Dalam Webinar bertajuk Ruang Negosiasi pada Kasus Kekerasan terhadap Perempuan dan Anak Dalam Tinjauan Sosiologis, Yuridis, dan Politis diselenggarakan Program Studi Sosiologi Fakultas Ilmu Sosial dan Ilmu Politik Universitas Syiah Kuala (FISIP USK), Ayu Ningsih menjelaskan anak yang menjadi korban pemerkosaan sangat rentan menjadi pelaku, dan dijunctokan dengan pasal-pasal lain dalam Qanun Jinayat, seperti pengakuan zina dan zina anak.
Namun dalam UU Perlindungan Anak, apa pun kondisi anak tetap dianggap sebagai korban, meskipun persetubuhan tersebut dilakukan tanpa ancaman kekerasan, karena ada perluasan unsur pidana, seperti tipu muslihat, bujuk rayu, iming-iming, dan serangkaian kebohongan lainnya.

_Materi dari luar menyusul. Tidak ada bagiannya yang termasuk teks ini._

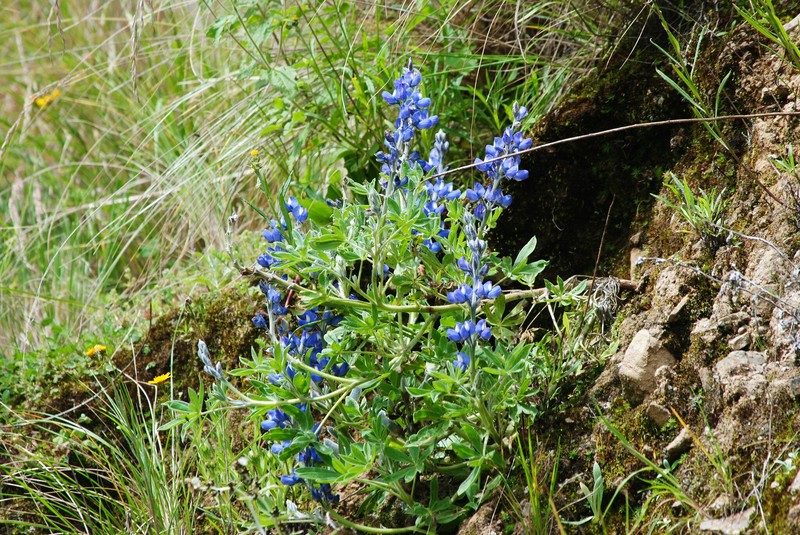 Lupinus ultramontanus photo 6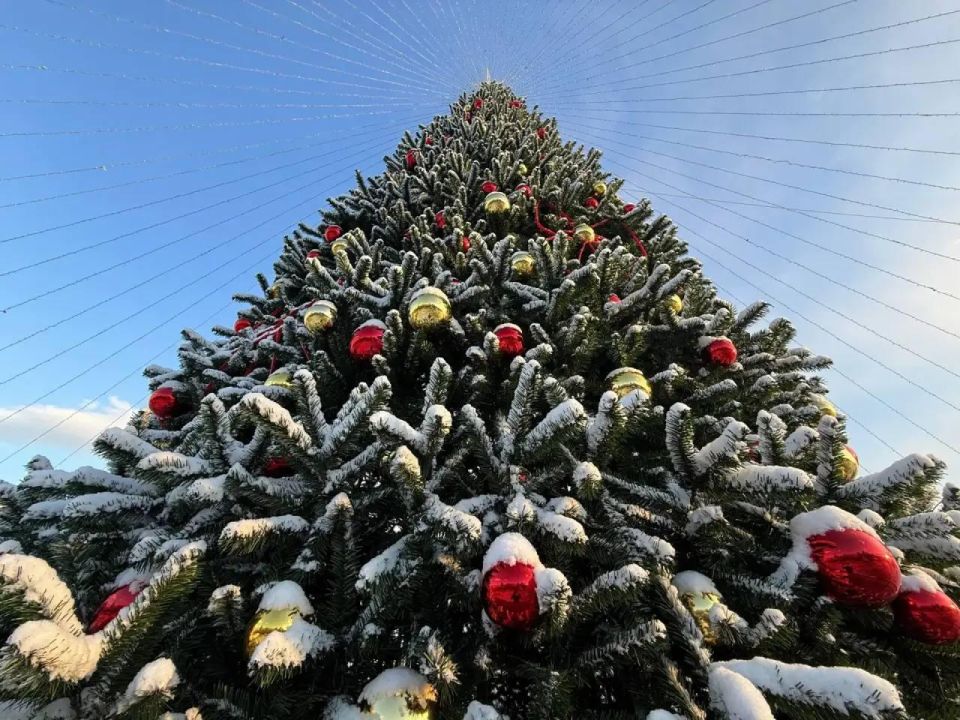 ���, ����� � ������� ����: ��� �������� ����������� ����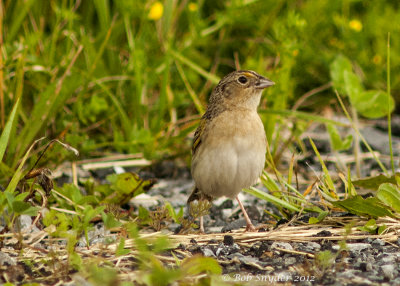 Grasshopper Sparrow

“Maka orang dewasa tetap akan dihukum dan anak tetap merupakan korban tindak pidana, sayangnya hal ini tidak ada dalam Qanun Jinayat,” katanya lagi.
Menurut dia, Qanun tentang Hukum Jinayat masih menawarkan tiga alternatif hukuman bagi pelaku kejahatan seksual terhadap anak yang terdiri atas hukuman cambuk, kurungan, dan denda.

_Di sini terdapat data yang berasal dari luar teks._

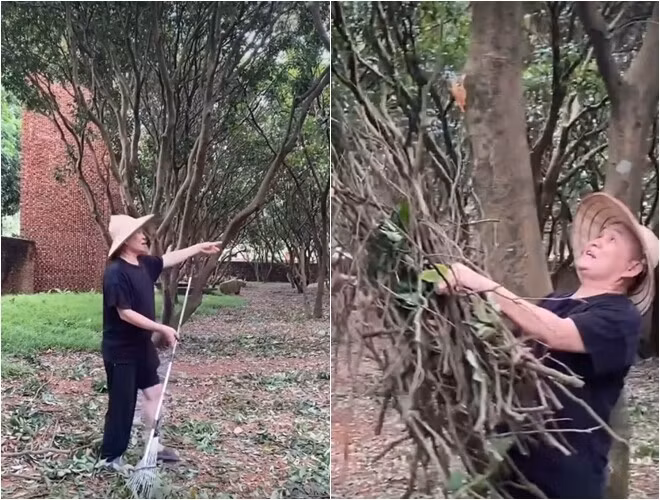 Những cây cổ thụ trong vườn chỉ rụng lá và củi khô. Ảnh chụp màn hình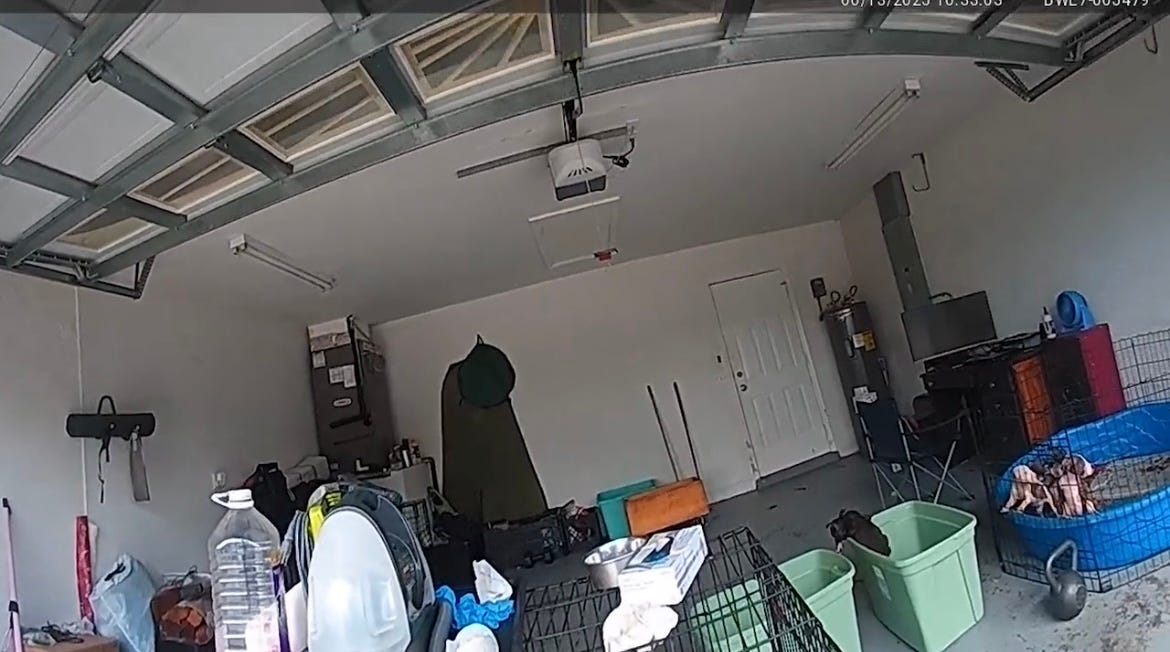 Fort Myers woman faces animal cruelty charges after authorities find 13 neglected puppies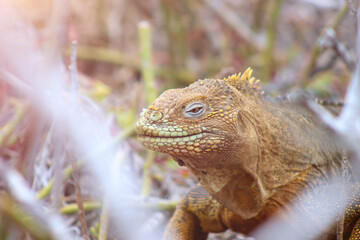 Land iguana on a tree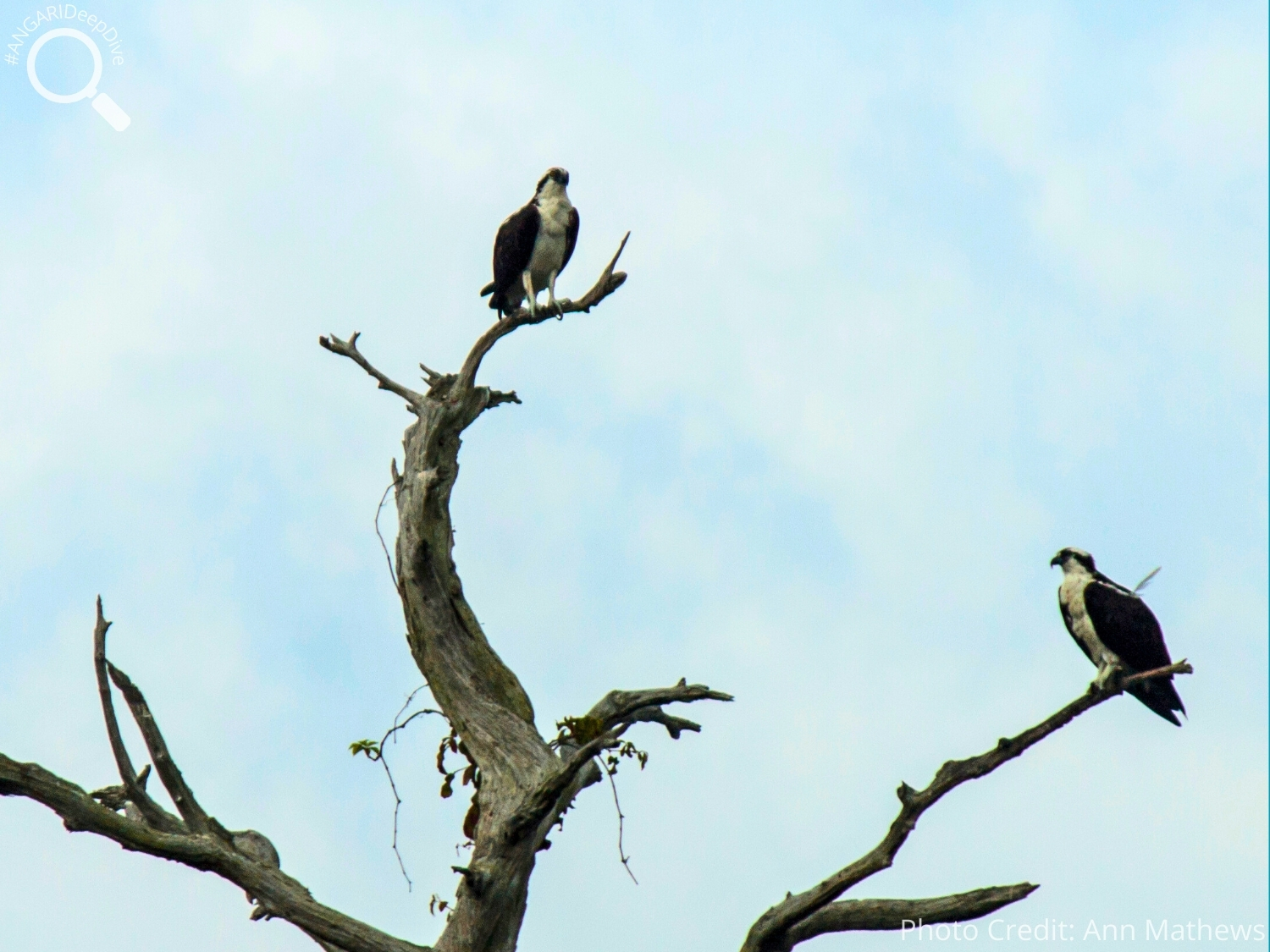 #ANGARIDeepDive_Osprey_PC_Ann Mathews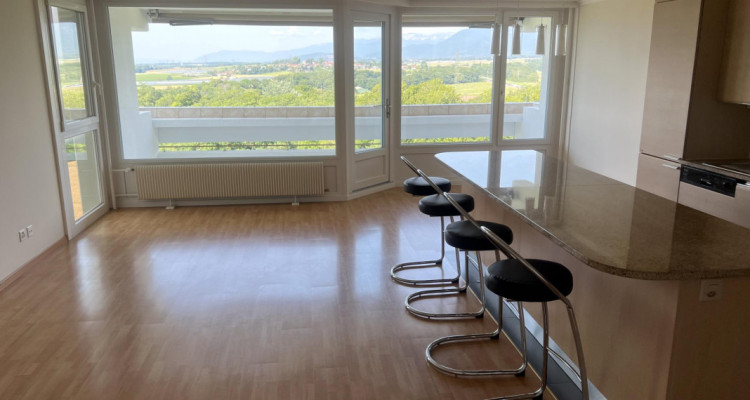 Appartement de 4.5 pièces avec balcon, vue imprenable sur le lac et les montagnes image 4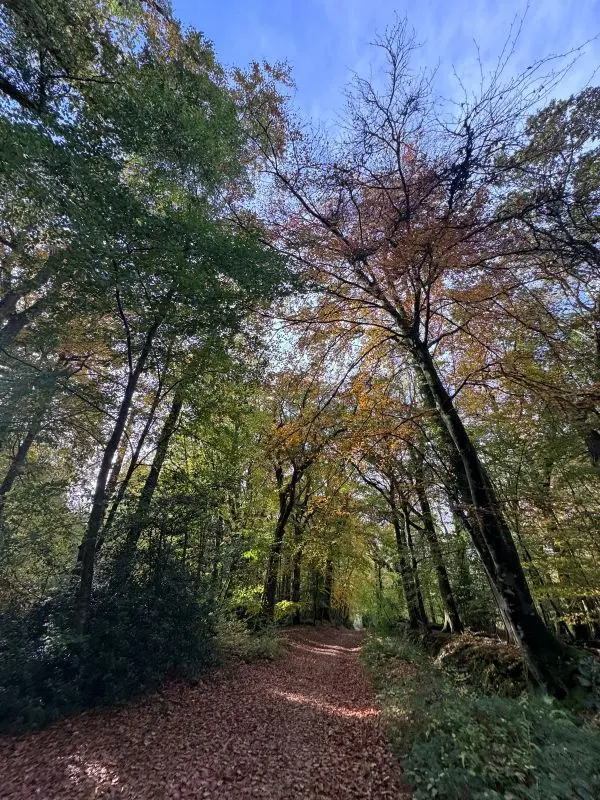 chris-whatley-pdgzSgRHdjw-unsplash©Chris Whatley sur unsplash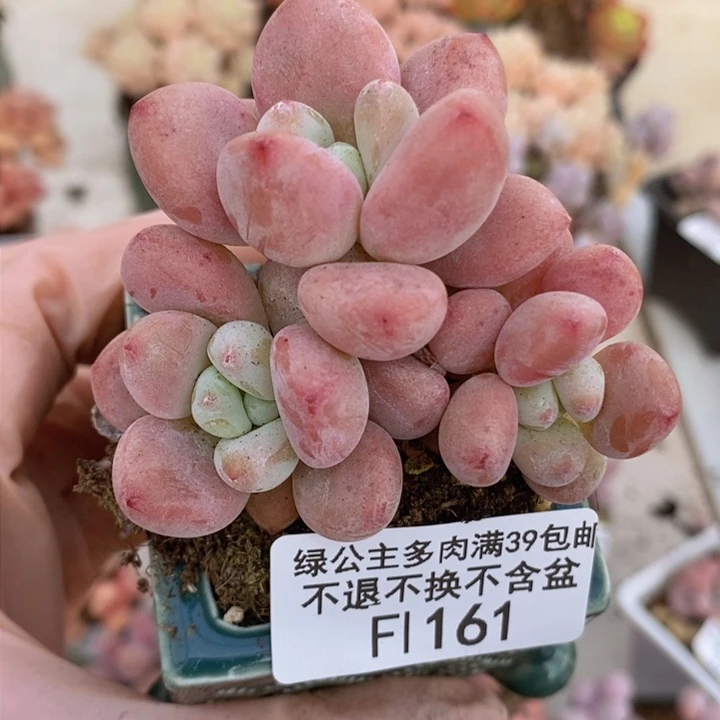 樱花洛神5cm161多肉植物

“Seharusnya Pemerintah menerapkan Qanun Aceh Nomor 11 Tahun 2008 tentang Perlindungan Anak bagi pelaku kekerasan terhadap anak,” katanya pula.
Ia mengatakan selama ini penegak hukum belum pernah memakai qanun tersebut untuk menjerat pelaku kekerasan terhadap anak di Aceh. Padahal, sudah sepantasnya para aparatur hukum memastikan pemberatan hukuman kepada pelaku kekerasan, mulai dari moral and social justice kepada legal justice menuju pressure justice.

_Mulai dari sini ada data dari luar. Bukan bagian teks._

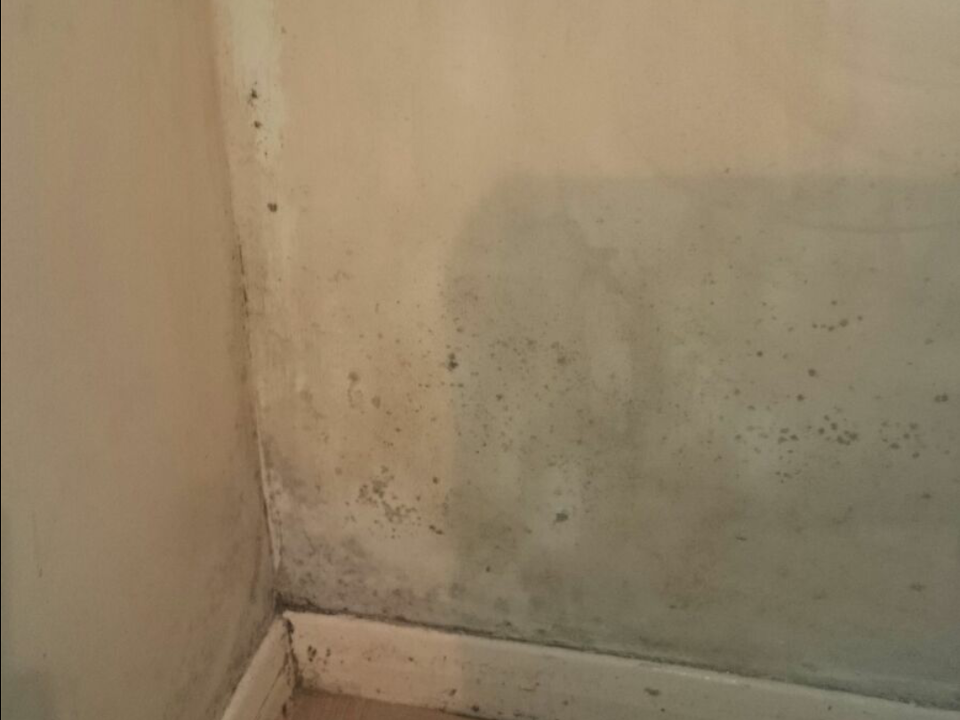 Waldocks Property Maintenance gallery image 2
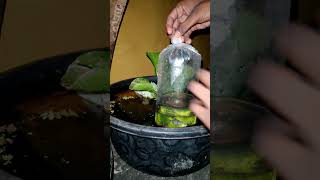 fish unboxing vlog episode-2🐠🐟 #trendingreels #newsong #fishfarm #bettafish #bettafishbreeding #tank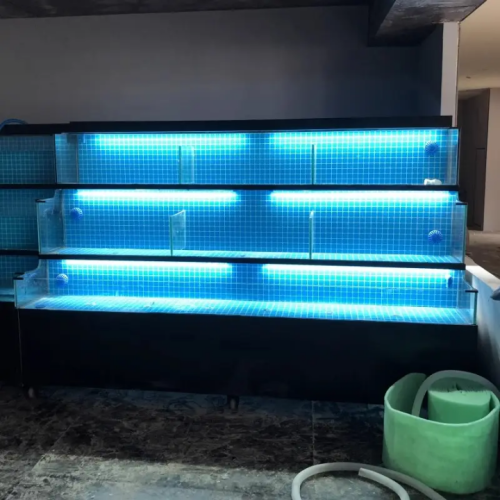 DINGJU Customizable Supermarket Restaurant Smart Operation System Glass Fish Tank Live Seafood Aquarium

“Perlu diketahui, bahwasanya tindak kekerasan terhadap anak di Aceh cenderung tinggi,” katanya lagi.
Dia menyebutkan sampai Juni 2021, sudah ada 202 kasus tindak kekerasan terhadap anak yang terdiri dari 46 kasus pelecehan seksual, 45 kasus kekerasan psikis, dan 34 kasus kekerasan fisik.
KPPA menginginkan adanya upaya pemulihan kondisi korban (restitusi) atau penggantian kerugian yang dialami korban baik secara fisik maupun mental.
“Jadi, KPPA mendesak agar lahirnya peraturan gubernur yang mengatur tentang restitusi,” kata dia.
Anggota DPR Aceh Darwani A Gani mengatakan selama ini masih ada perempuan dan anak yang menjadi korban kekerasan, tetapi tidak melapor karena takut malu.
“Masyarakat menganggap kasus kekerasan seksual adalah masalah yang bisa diselesaikan secara kekeluargaan,” katanya pula.